Credit card company Visa (NYSE:V) released its quarterly earnings report on Thursday. Net revenue of $7.9 billion for the period ending Dec. 31, 2022 was up 12% from the prior-year period. On a constant-dollar basis (i.e. excluding the impact of foreign exchange), The growth rate would have been 15%. Net income of $4.2 billion also rose by 6% during the period. On per-share basis, its adjusted earnings of $2.18 came in well above analyst estimates of $2.01. The company says it benefitted from "stable payments volume" and a resurgence in cross-border travel, which led to a strong quarter for the business. And those are trends that aren't likely to subside anytime soon as things return to normal.
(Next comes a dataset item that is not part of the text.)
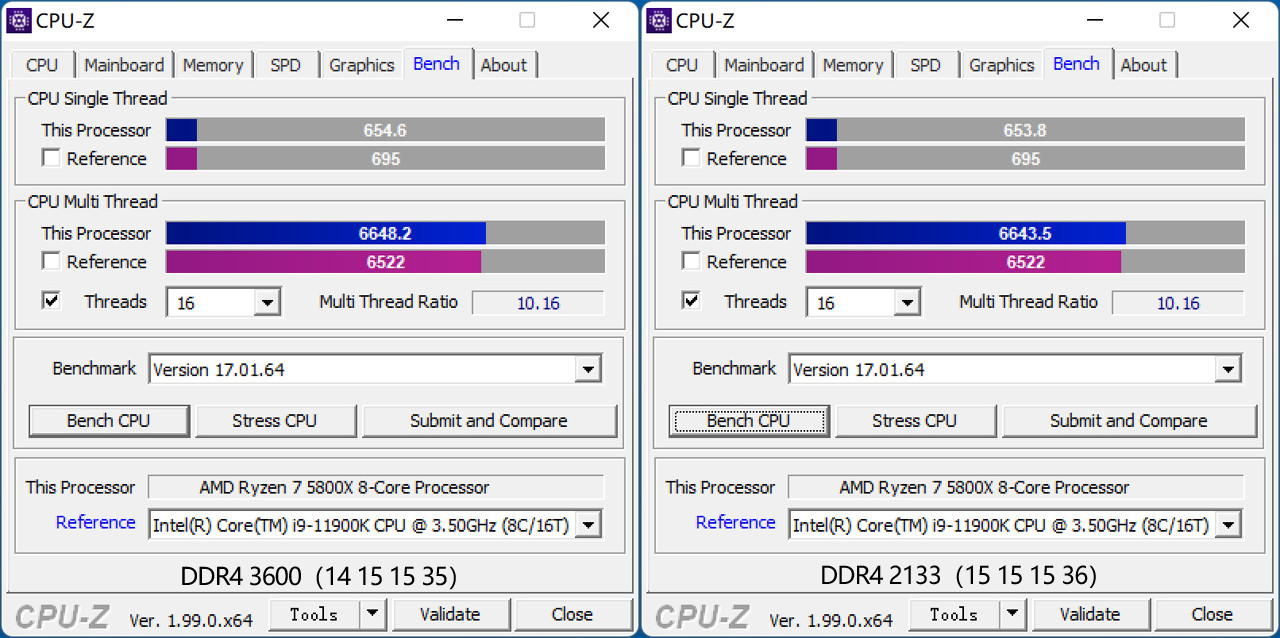 高频率内存有什么好的,高频内存真的有用么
Visa's business may continue to do well even if a recession hits this year as it could mean more cash-strapped consumers dipping into credit to pay for their purchases. That's one of the reasons this may be a top stock to own this year. Shares of Visa have been off to a strong start to the year and are up around 8% since the beginning of January – that's better than the S&P 500's gains of 6% thus far.

Trading at a multiple of 32 times earnings, Visa isn't a terribly cheap buy but it is trading below the 36 times earnings it has averaged over the past five years. With a strong profit margin of more than 50%, Visa's business has plenty of room to withstand inflationary pressures and economic headwinds this year.

For long-term investors, this is an easy stock to justify holding as Visa's business is likely to grow along with the economy.